Quanto resta della notte?

Quanto resta della notte?

Il mistero rivelato/9 - Chiediamoci se il nostro sogno di piccoli è più vero della realtà adulta.

di Luigino Bruni

pubblicato su Avvenire il 29/05/2022

"Sono venuti al mattino da me per farsi un po’ consolare
Ma penso di essere un cattivo consolatore. Sono capace
di star ad ascoltare
ma non so dire quasi nulla"

Dietrich Bonhoeffer, Resistenza e resa, 1 febbraio 1944

Una visione inquietante del re e l'ingresso in scena della regina madre che invita a chiamare Daniele donano alcune intuizioni sul mondo delle cose e sull’intelligenza delle donne nello sciogliere conflitti.

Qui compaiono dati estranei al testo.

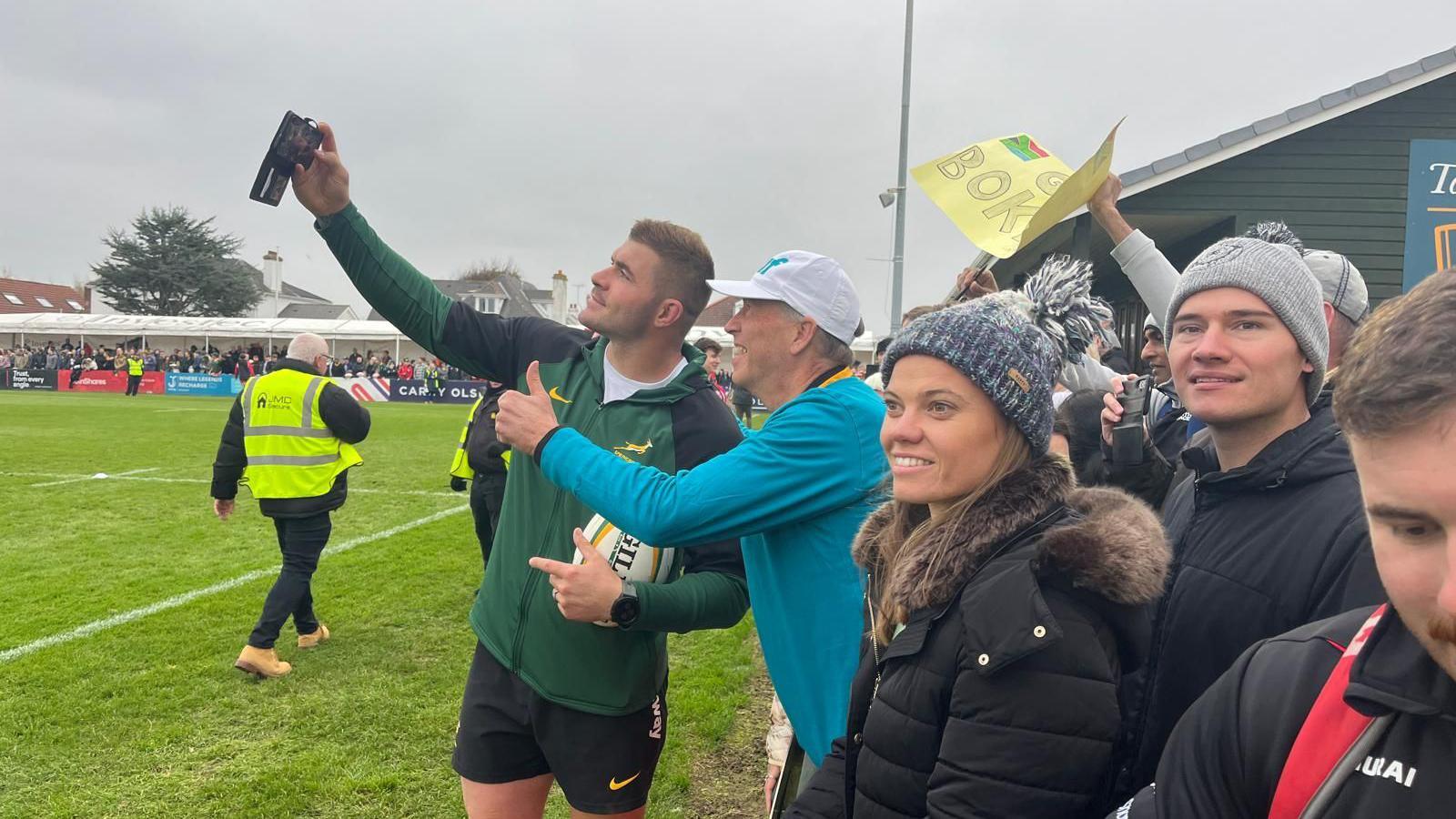 A Springbok player on the pitch holding a mobile phone in his right-hand taking a selfie with a fan. The man, who he is taking a selfie with, is holding up his thumb and smiling in the camera. He is wearing a blue T-shirt. On the right there are more people watching the training session.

La nostra vita non è accompagnata solo da persone, animali, piante, dal mare e dalle montagne. Anche le cose, gli oggetti, i nostri manufatti, hanno una loro misteriosa vita. Si impregnano della nostra umanità, sono contagiati dai nostri odori e profumi, e noi dai loro – tutti siamo rimasti senza fiato, almeno una volta, nell’aprire un vecchio armadio e rincontrare il nonno nell’odore inconfondibile di una sua vecchia cravatta. Le cose ci allungano la vita, ce la colorano, danno sapore e fragranza al nostro agire quotidiano. Parlano, raccontano, ricordano, ci chiamano. Abitiamo il mondo anche arricchendolo con le cose, che diventano segni, linguaggi, compagnia, nuove parole. 

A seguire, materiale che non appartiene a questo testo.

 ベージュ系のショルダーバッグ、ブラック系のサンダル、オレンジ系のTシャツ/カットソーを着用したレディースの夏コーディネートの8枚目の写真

Il capitalismo ha moltiplicato a dismisura le cose, e un giorno la terra si è ritrovata strapiena di oggetti. Ma le cose diventate infinite hanno perso odore, spirito, anima, vita. Se ho poche cose, ogni cosa è speciale proprio perché è un pezzo unico: la conosco, ha una storia che mi parla, ha un nome proprio. Se invece ho venti paia di scarpe e trenta vestiti, sono circondato da più cose ma da meno nomi – è questa una delle povertà dell’opulenza, una miseria che la nostra contabilità nazionale registra all’incontrario, ma che la nostra anima può ogni tanto intercettare nelle solitudini inondate da oggetti muti. L’uomo antico era immensamente più competente di noi nel linguaggio delle cose, conosceva la loro anima, sapeva discernere i loro spiriti buoni da quelli cattivi. Era perennemente immerso in un giardino magico, dove tutto gli parlava con parole di vita e di morte, dove nulla era silente. Un giorno ci siamo svegliati e abbiamo chiamato sogno infantile tutto questo mondo magico e lo abbiamo espulso dalla realtà seria. Qualcuno però ha continuato a sognare, non ha smesso di vivere in un mondo popolato di angeli, di spiriti, in una terra abitata da Dio. La Bibbia è il regno invisibile dei sognatori di Dio – e se un giorno scoprissimo che quel sogno di piccoli era più vero della nostra realtà adulta?

Dopo la visione del re di Babilonia, ridotto a uomo-lupo e poi ristabilito nel suo regno (cap. 4), la narrazione del libro di Daniele ci porta in un ambiente totalmente diverso. Ci ritroviamo dentro un grande banchetto di corte. Siamo alla fine dell’impero babilonese. Baldassàr è il re (o il reggente durante l’assenza del re padre). Per il testo Baldassàr è figlio di Nabucodònosor, ma è probabile che come nel capitolo precedente l’autore confonda Nabucodònosor con suo genero Nabonide, l’ultimo re babilonese. I dati storici del libro di Daniele – ormai lo sappiamo – sono mescolati con la leggenda, sebbene oggi alla luce di nuove scoperte archeologiche crediamo che siano meno fantasiosi di quanto ritenessero gli esegeti del secolo scorso.